使用Scrapy抓取数据
我想从这个链接 http://money.moneygram.com.au/
抓取数据(这个链接也可以是 https://www.moneygram.com/wps/portal/moneygramonline/home/estimator?LC=en-GB
)。当我打开这个网页准备抓取数据时,我发现页面上显示的汇率是从澳元(AUD)到美元(USD)。但是我想在第一个下拉菜单中选择印度卢比(INR)。每次我选择后,使用这个网址时,它默认还是选澳元(AUD)。我现在用的代码是...
from __future__ import absolute_import
#import __init__
from scrapy.spider import BaseSpider
from scrapy.selector import HtmlXPathSelector
import MySQLdb
class DmozSpider(BaseSpider):
name = "moneygram"
allowed_domains = ["moneygram.com"]
start_urls = ["http://money.moneygram.com.au/"]
def parse(self, response):
filename = response.url.split("/")[-2]
open(filename, 'wb').write(response.body)
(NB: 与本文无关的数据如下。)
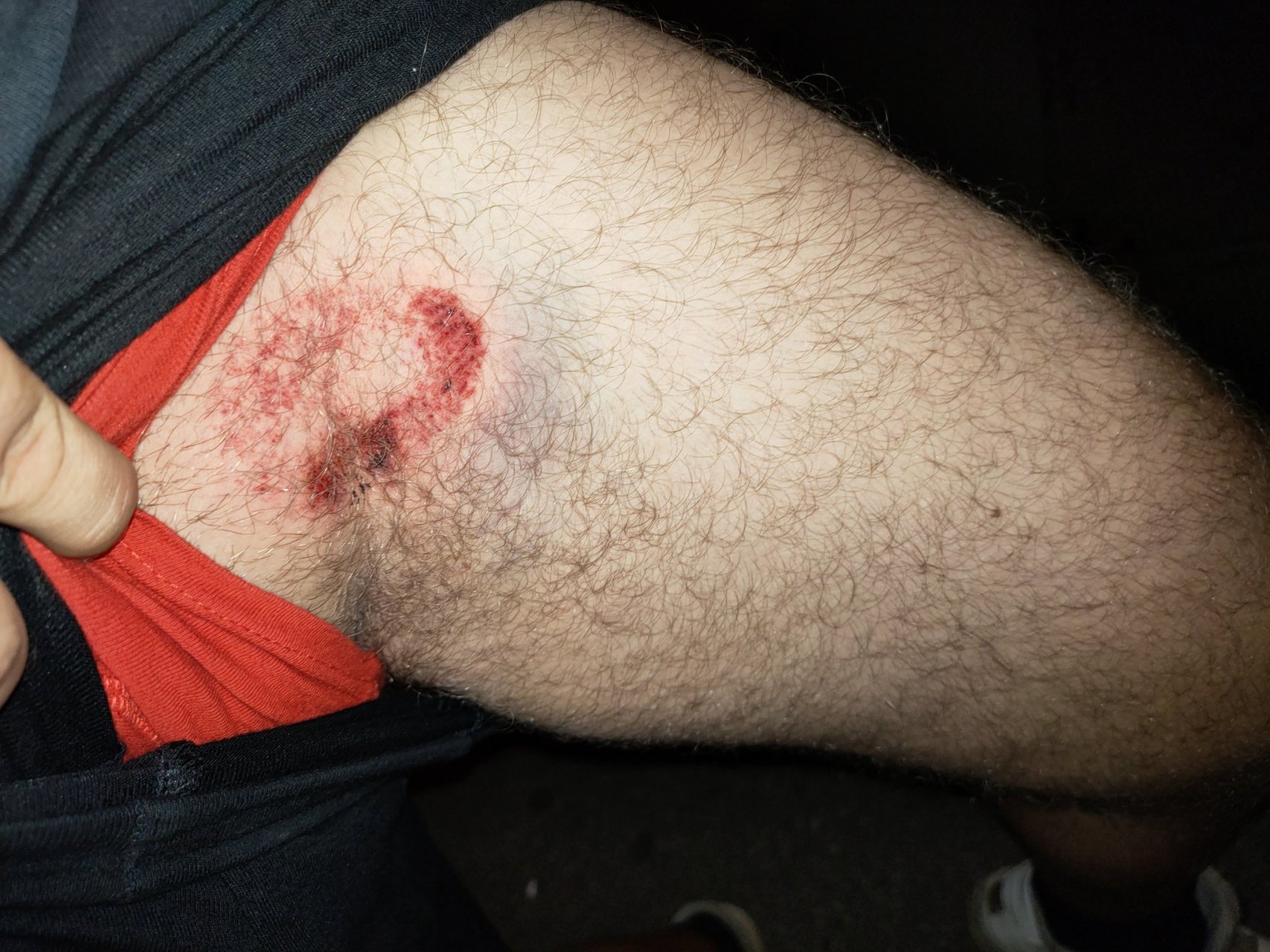 法国军警用于驱散扰乱人群的豆袋弹,使用霰弹枪发射,装药和动能与普通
hxs = HtmlXPathSelector(response)
而我想要选择印度卢比的HTML部分是...
<div class="firstSelector">
<select id="FromCurrency_dropDown" name="FromCurrency_dropDown" style="width:100%">
<option value="AED">AED (UAE Dirham)</option>
<option value="ARS">ARS (Argentine Peso)</option>
<option selected="selected" value="AUD">AUD (Australian Dollar)</option>
<option value="BGN">BGN (Bulgarian Lev)</option>
<option value="BND">BND (Brunei Dollar)</option>
<option value="BRL">BRL (Brazilian Real)</option>
<option value="CAD">CAD (Canadian Dollar)</option>
<option value="CHF">CHF (Swiss Franc)</option>
<option value="CLP">CLP (Chilean Peso)</option>
<option value="CNH">CNH (Chinese Renminbi Off-Shore)</option>
<option value="CNY">CNY (Chinese Yuan)</option>
<option value="CZK">CZK (Czech Koruna)</option>
<option value="DKK">DKK (Danish Kroner)</option>
<option value="EGP">EGP (Egyptian Pound)</option>
<option value="EUR">EUR (Euro)</option>
<option value="FJD">FJD (Fiji Dollar)</option>
<option value="GBP">GBP (British Pound)</option>
<option value="HKD">HKD (Hong Kong Dollar)</option>
<option value="HUF">HUF (Hungarian Forint)</option>
<option value="IDR">IDR (Indonesian Rupiah)</option>
<option value="ILS">ILS (Israeli New Shekel)</option>
<option value="INR">INR (Indian Rupee)</option> ////////////"i want this to be selected"///////
<option value="ISK">ISK (Icelandic Krona)</option>
<option value="JPY">JPY (Japanese Yen)</option>
<option value="KRW">KRW (Korean Won)</option>
<option value="KWD">KWD (Kuwaiti Dinar)</option>
<option value="LKR">LKR (Sri Lanka Rupee)</option>
<option value="MAD">MAD (Moroccan Dirham)</option>
<option value="MGA">MGA (Malagasy Ariary)</option>
<option value="MXN">MXN (Mexican Peso)</option>
<option value="MYR">MYR (Malaysian Ringgit)</option>
<option value="NOK">NOK (Norway Kroner)</option>
<option value="NZD">NZD (New Zealand Dollar)</option>
<option value="OMR">OMR (Omani Rial)</option>
<option value="PEN">PEN (Peruvian Nuevo Sol)</option>
<option value="PGK">PGK (Papua New Guinea Kina)</option>
</div>
1 个回答
0
这是一个关于ajax的问题。
简单来说,js脚本会把一些参数发送到服务器,然后服务器会把数据返回给你。
你可以使用Chrome浏览器的开发者工具,查看发送数据的具体网址。
这个网址是 "http://money.moneygram.com.au/forex-tools/currency-converter-widget-part"。
发送的参数包括: "FromCurrency=AED&ToCurrency=VND&FromCurrency_dropDown=AED&ToCurrency_dropDown=VND&FromAmount=2561&ToAmount=&X-Requested-With=XMLHttpRequest"。
所以你可以使用scrapy这个工具,向这个网址发送这些参数,获取html数据,然后解析出你想要的信息。